→ The task: Give every line of the data again, unchanged, but with no pictures.

→ Available data:
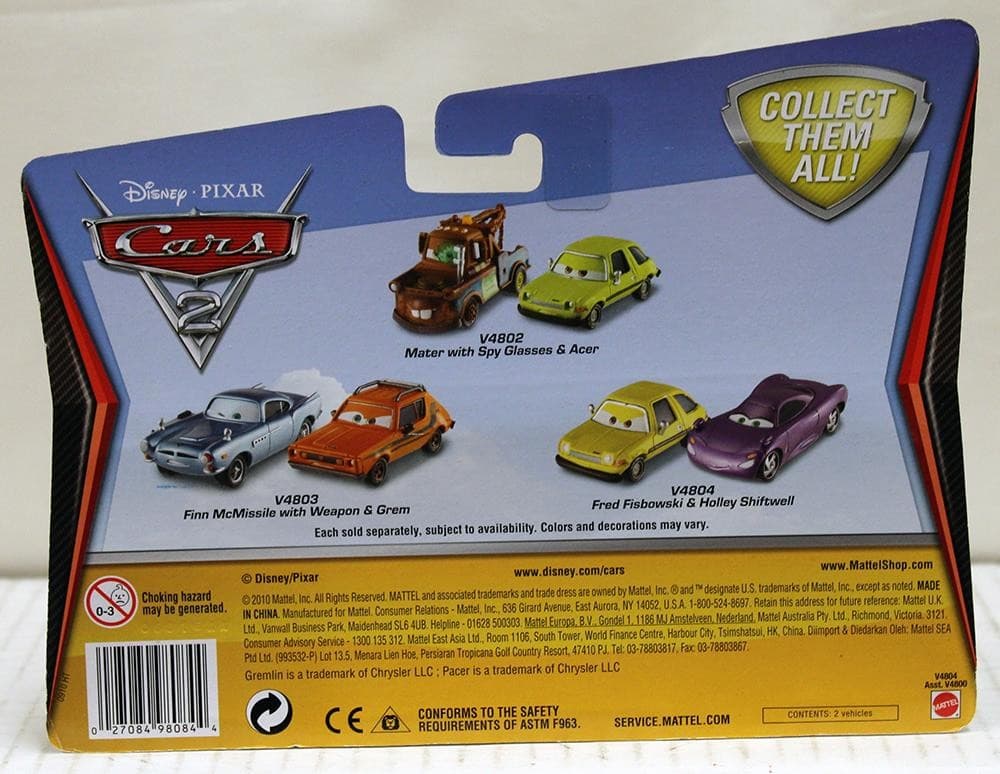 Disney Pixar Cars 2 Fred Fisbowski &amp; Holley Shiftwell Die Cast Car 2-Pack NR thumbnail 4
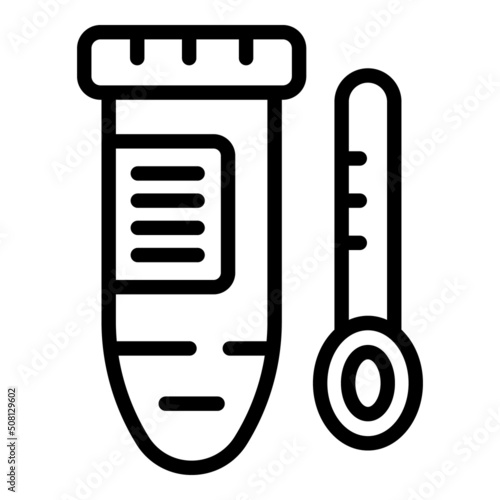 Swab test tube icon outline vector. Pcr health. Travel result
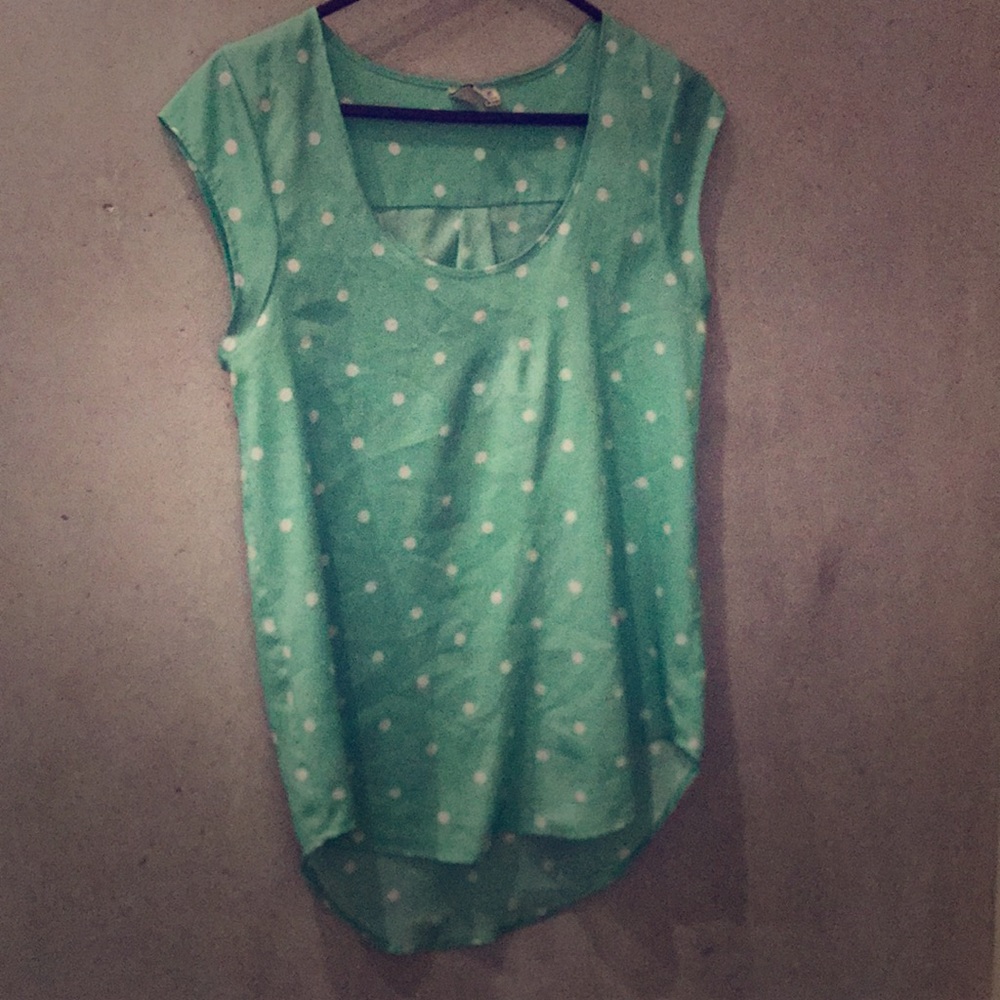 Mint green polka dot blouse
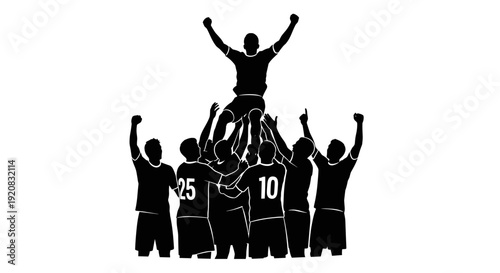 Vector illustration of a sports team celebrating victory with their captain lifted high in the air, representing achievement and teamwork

→ Exercise answer:
 Disney Pixar Cars 2 Fred Fisbowski &amp; Holley Shiftwell Die Cast Car 2-Pack NR thumbnail 4
 Swab test tube icon outline vector. Pcr health. Travel result
 Mint green polka dot blouse
 Vector illustration of a sports team celebrating victory with their captain lifted high in the air, representing achievement and teamwork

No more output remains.